WORK REQUEST
Where the lines below hold images, skip those and copy every word exactly.

INFORMATION SUPPLIED

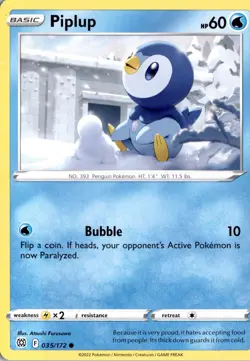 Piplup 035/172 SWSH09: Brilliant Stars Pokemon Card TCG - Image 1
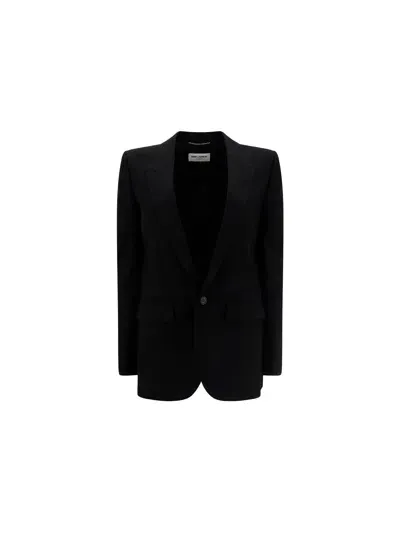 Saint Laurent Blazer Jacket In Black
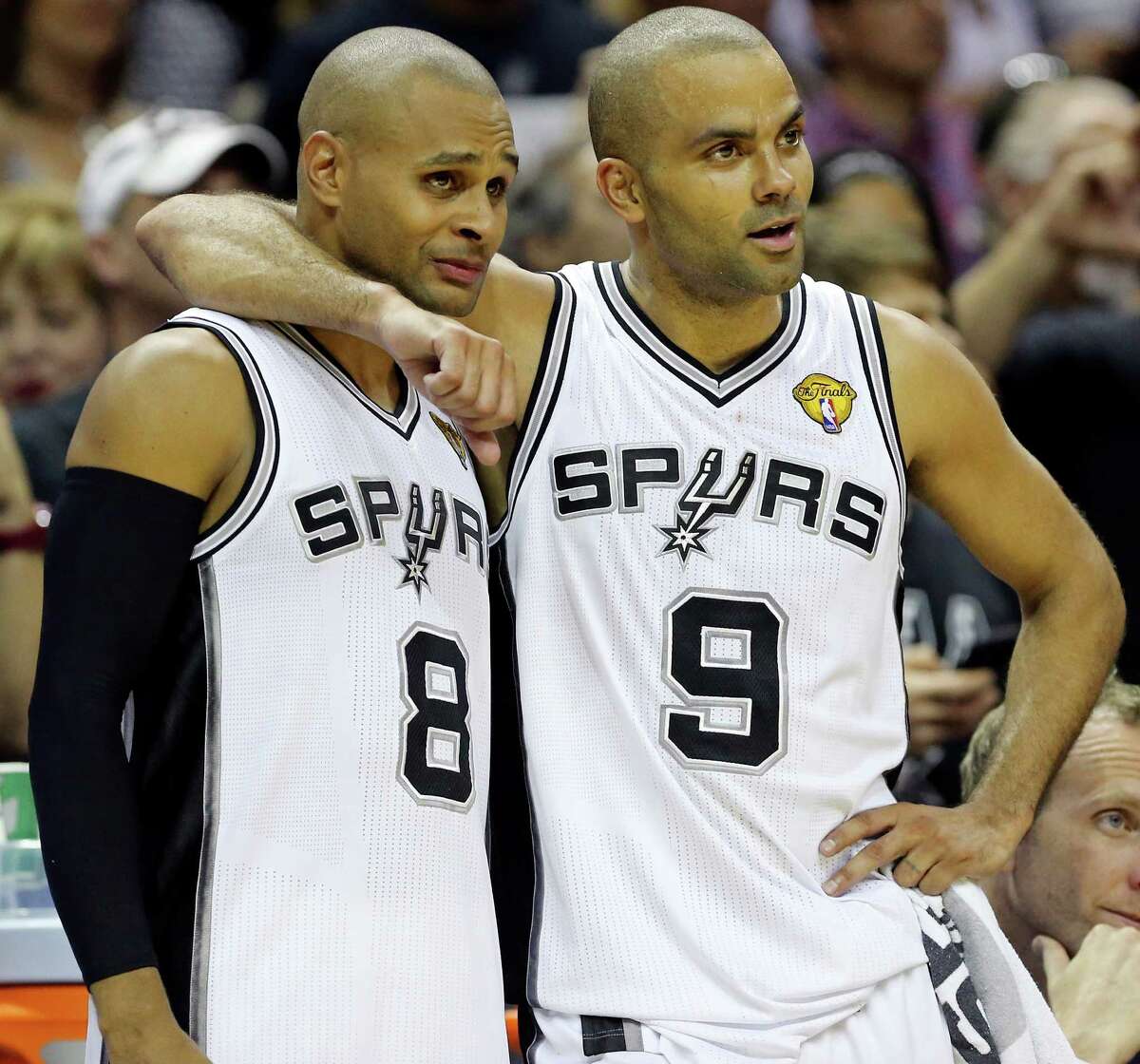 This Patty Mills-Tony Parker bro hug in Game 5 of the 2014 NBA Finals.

SOLUTION FOR THIS PROBLEM
 Piplup 035/172 SWSH09: Brilliant Stars Pokemon Card TCG - Image 1
 Saint Laurent Blazer Jacket In Black
 This Patty Mills-Tony Parker bro hug in Game 5 of the 2014 NBA Finals.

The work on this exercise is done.